NM:  Would you say this all more or less hinges on changes in interstate direct-to-consumer laws?  Do you think any of it — the new tools and technologies, the news ways of reaching consumers — would still be as important were it not for those changes?

CG:  I don't think it would, not at all.  Of course, from a brand-building perspective, it would still be effective — Yellowtail could still add another 10,000 cases to their sales with a Facebook app.  Fine.  Great.  Woo-hoo.  But what we're talking about here are small producers who make under 1,000 cases of really phenomenal wine, but who can't get on the radar in 40 states!  Why shouldn't they have the opportunity to sell their wine?  Companies in wine 2.0 exist because of these barriers to sale.  And thankfully, these barriers are coming down, for the most part.  Wine is really an agricultural product that in most cultures is celebrated with the family; people grow up having wine with their families.  In the U.S., we have a great opportunity now to have that type of lifestyle and then to move it ahead.  The changes are going to make the pie bigger for the whole wine industry and that's going to be a good thing for everybody.  It'll take time, though.

NM:  How can Wine 2.0 help consumers who live in states that are still experiencing the remnants of a prohibitive retail model and therefore don't have a lot of choice in buying wine?

CG:  I think we'll help by promoting companies that are facilitating and vitalizing the direct-to-consumer model.  But overall, let me put it this way: it's only the 3rd inning of a 9-inning game.  A lot of the barriers are coming down (and some new barriers are coming up), but most states see the opportunity to 1) collect more tax and 2) provide their constituents with more consumer choice.  With that comes creativity and new opportunities for wine 2.0 companies to find the magic bullet that changes it for everyone.  There's still at least another ten years before we really start to see significant change for the wineries.  Our focus with Wine 2.0 is to provide a platform for those companies to be discovered, for those cutting edge wineries to promote themselves and identify with the consumer, and for the consumer to come out and taste those wines and discover those companies.

NM:  Your baseball analogy is quite apropos: it is too early to tell.  There's simply no clear picture on how the cards are going to fall.  After all, so much of what we've discussed has developed only in the last five, perhaps seven years.  And the interesting thing is that we've got technology on the one hand, wherein a great deal of change occurs with blazing speed, collaborating with the wine industry on the other, where relatively very little change happens over a long period of time.

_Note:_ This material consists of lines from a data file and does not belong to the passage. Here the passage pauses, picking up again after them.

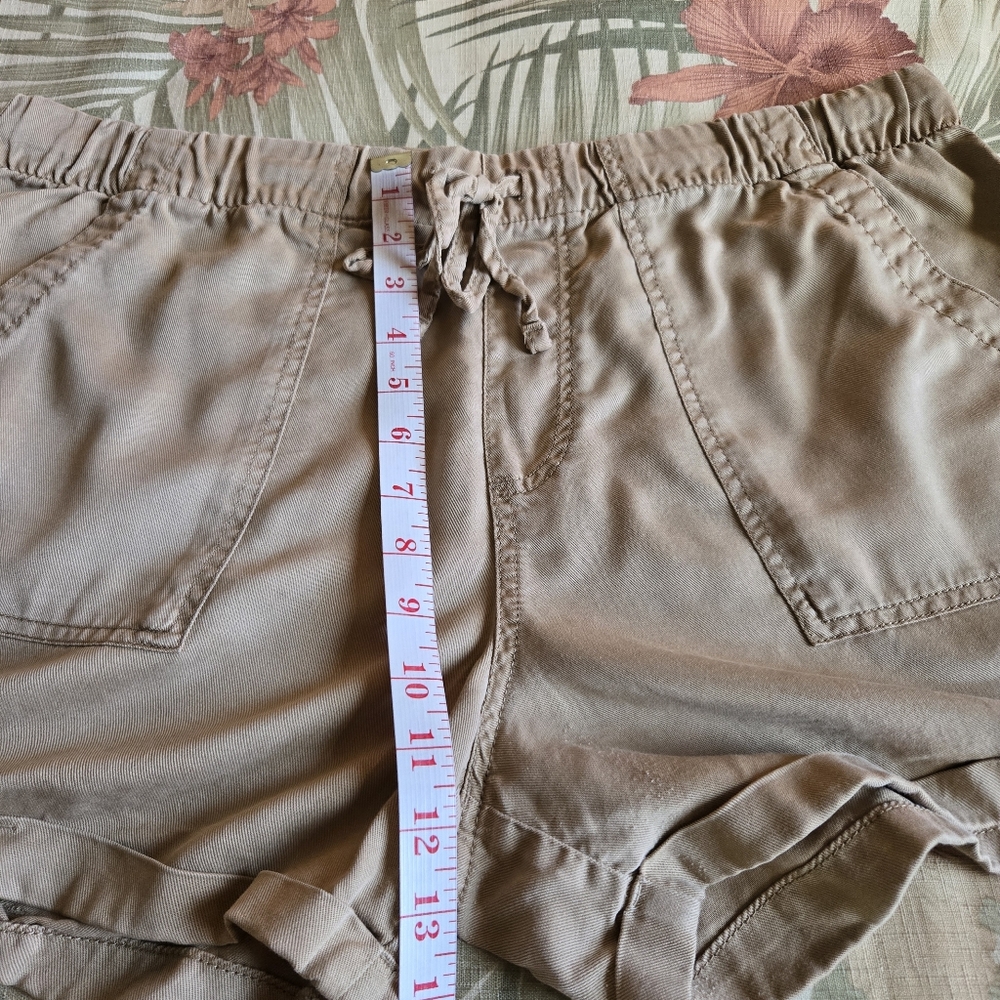3/$25 Gap Khaki Lyocell Shorts Large Cargo Cuffed Drawstring Safari Casual - Picture 7 of 11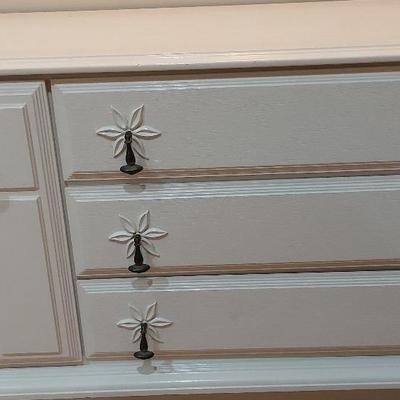 WHITE DRESSER 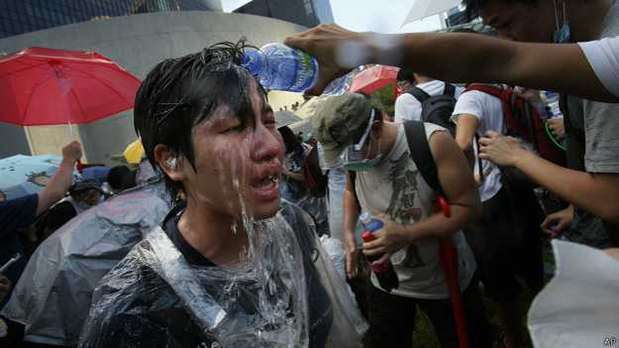 Manifestación democrática, reprimida en Hong Kong
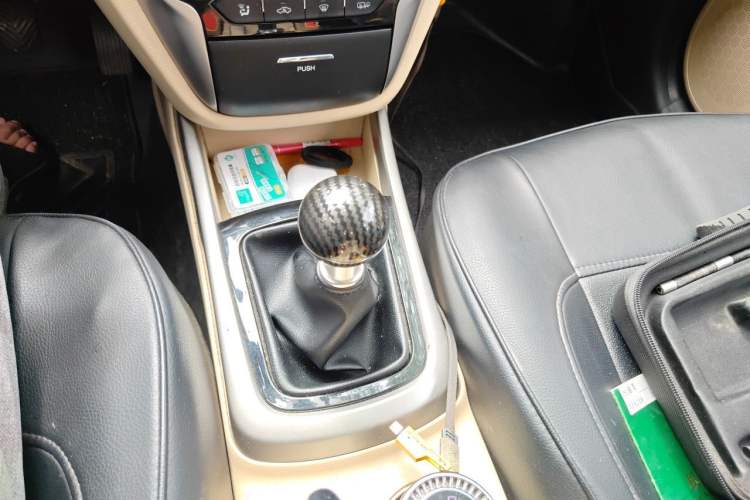 Used CHANGAN Eado 2015 1.6L Manual Luxury Model China V Standard Gear Lever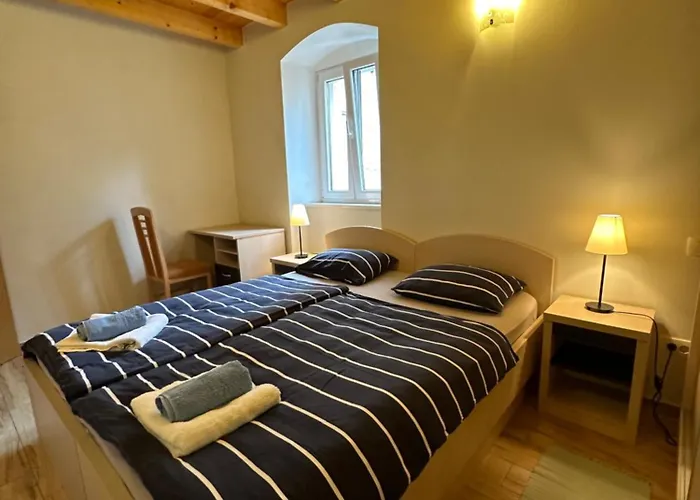 Old Town Apartments Trogir - Free Parking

CG:  There's a little Don Quixote in all of us on the Wine 2.0 side.  These are people who are really creative and love wine, who realize that the wine industry is a very large and slow-moving beast, and who think that if we could make that animal a little bit leaner, smarter, and quicker, then it would improve things.  But it is happening; I have no complaints.  On so many levels, we've moving forward and innovation is happening.